@tensorflow-models/handposeを使ってWebで手を検出する

デモ https://fukekazki.github.io/react-handpose/

リポジトリ https://github.com/FukeKazki/react-handpose/tree/main

パッケージのインストール

以下のコマンドでtensorflow関連のパッケージを導入します。

pnpm add @tensorflow-models/handpose @tensorflow/tfjs-backend-webgl

メディアの権限

Webカメラにアクセスするためにはユーザーの承認が必要です。

const useVideo = (videoRef: RefObject<HTMLVideoElement>) => {
	const [isAllowed, setIsAllowed] = useState(false);
	useEffect(() => {
		const setupCamera = async () => {
			if (!videoRef.current) return;
			if (navigator.mediaDevices.getUserMedia) {
				const stream = await navigator.mediaDevices.getUserMedia({
					video: true,
				});
				videoRef.current.srcObject = stream;
			}
		};

		setupCamera().then(() => {
			setIsAllowed(true);
		});
	}, [videoRef]);

	return {
		isAllowed,
	}
};

手の検出

最初に@tensorflow/tfjs-backend-webglの実行が必要です。 loadHansposeはモデルの読み込みをしています。 detectはモデルを使って0.1sごとに予測をし、予測結果をcanvasに描画しています。
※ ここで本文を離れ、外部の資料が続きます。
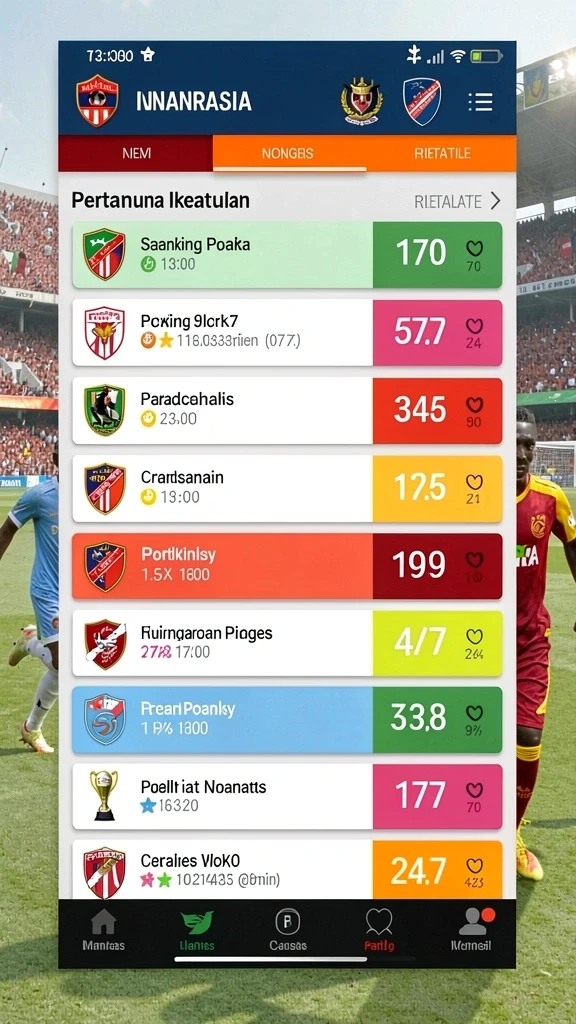 Screenshot 180slot nomor 2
import * as handpose from "@tensorflow-models/handpose";
import "@tensorflow/tfjs-backend-webgl";

const useHandpose = (
	videoRef: RefObject<HTMLVideoElement>,
	canvasRef: RefObject<HTMLCanvasElement>,
) => {
	const [isLoading, setIsLoading] = useState(false);
	const [model, setModel] = useState<handpose.HandPose>();

	useEffect(() => {
		const loadHandpose = async () => {
			const net = await handpose.load();
			setModel(net);
		};

		setIsLoading(true);
		loadHandpose().finally(() => {
			setIsLoading(false)
		});
	}, []);

	useEffect(() => {
		const detect = async () => {
			if (!model) return;
			if (!videoRef.current) return;
			const predictions = await model.estimateHands(videoRef.current, true);

			if (!canvasRef.current) return;
			const ctx = canvasRef.current.getContext("2d");
			if (!ctx) return;

			ctx.clearRect(0, 0, 640, 480);

			for (let i = 0; i < predictions.length; i++) {
				const keypoints = predictions[i].landmarks;
				for (let j = 0; j < keypoints.length; j++) {
					const [x, y] = keypoints[j];
					ctx.beginPath();
					ctx.arc(x, y, 5, 0, 3 * Math.PI);
					ctx.fillStyle = "aqua";
					ctx.fill();
				}
			}
		};

		const interval = setInterval(detect, 100); // 0.1秒ごとに検出
		return () => clearInterval(interval);
	}, [model, videoRef, canvasRef]);

	return {
		isLoading,
	}
};

実行

上記のhookをAppコンポーネントから呼び出します。 UI部分はvideo domの上にcanvasを重ねて表示してます。

function App() {
	const videoRef = useRef<HTMLVideoElement>(null);
	const canvasRef = useRef<HTMLCanvasElement>(null);
	const { isAllowed } = useVideo(videoRef);
	const { isLoading } = useHandpose(videoRef, canvasRef);

	return (
		<>
			{isAllowed || <p>Camera Permission Denied</p>}
			{isLoading && <p>Model Loading...</p>}
			<div
				style={{
					position: "relative",
					width: 640,
					height: 480,
				}}
			>
				<video
					style={{
						position: "absolute",
						top: 0,
						left: 0,
						transform: "scaleX(-1)",
					}}
					ref={videoRef}
					width="640"
					height="480"
					autoPlay
				/>
				<canvas
					style={{
						position: "absolute",
						top: 0,
						left: 0,
					}}
					ref={canvasRef}
					width="640"
					height="480"
				/>
			</div>
		</>
	);
}

まとめ

手の検出ができました。👏 問題点として片手のみしか検出できていないため、両手を対応したい場合は他の方法(?)を試す必要がありそうです。